How this skill works

The skill defines experiment templates, integrates chaos tooling with TypeScript-based services and CI/CD pipelines, and connects experiments to observability and alerting. It automates controlled fault injection (CPU, memory, network, GPU/node failures, storage, and dependency outages), measures SLO impacts, and enforces blast-radius and safety gates.
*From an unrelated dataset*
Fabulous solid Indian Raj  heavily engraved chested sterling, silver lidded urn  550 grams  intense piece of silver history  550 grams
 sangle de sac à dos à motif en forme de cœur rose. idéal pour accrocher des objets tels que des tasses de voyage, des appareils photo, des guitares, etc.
Results feed back into runbooks, monitoring dashboards, and automated rollback or remediation hooks.

When to use it

  • Before major releases or architecture changes to validate resilience assumptions
  • When onboarding new infrastructure (GPU clusters, object stores, message queues)
  • To verify incident response playbooks and automated recovery paths
  • When reducing mean time to recovery (MTTR) or validating SLOs
  • During periodic resilience audits or compliance-driven testing

Best practices

  • Define clear hypotheses, metrics, and success criteria for every experiment
  • Start small with limited blast radius and progressively increase scope
  • Document configurations, experiment histories, and outcomes centrally
  • Integrate experiments into CI/CD with safety gates and canary windows
  • Ensure observability (traces, metrics, logs) and alerting are reliable before running tests
  • Automate remediation and rollback paths; rehearse runbooks regularly

Example use cases

  • Inject GPU node loss during a model training job to verify job resumption and checkpointing
  • Introduce network latency between asset generation service and storage to validate timeouts and retries
  • Simulate a message broker outage to ensure job queue persistence and backpressure handling
  • Throttle CPU or memory on rendering workers to observe autoscaling and graceful degradation
  • Run dependency chaos against an external model hosting API to test fallback models and degradation UX

FAQ

How do you keep experiments safe for production?

Enforce blast-radius limits, require approvals, run during low-traffic windows, use canaries, and ensure automated abort triggers based on SLO breaches or critical alerts.

What happens if an experiment causes a real outage?

Predefine rollback and remediation actions, integrate automatic rollback hooks into experiments, and maintain detailed runbooks and postmortems to prevent recurrence.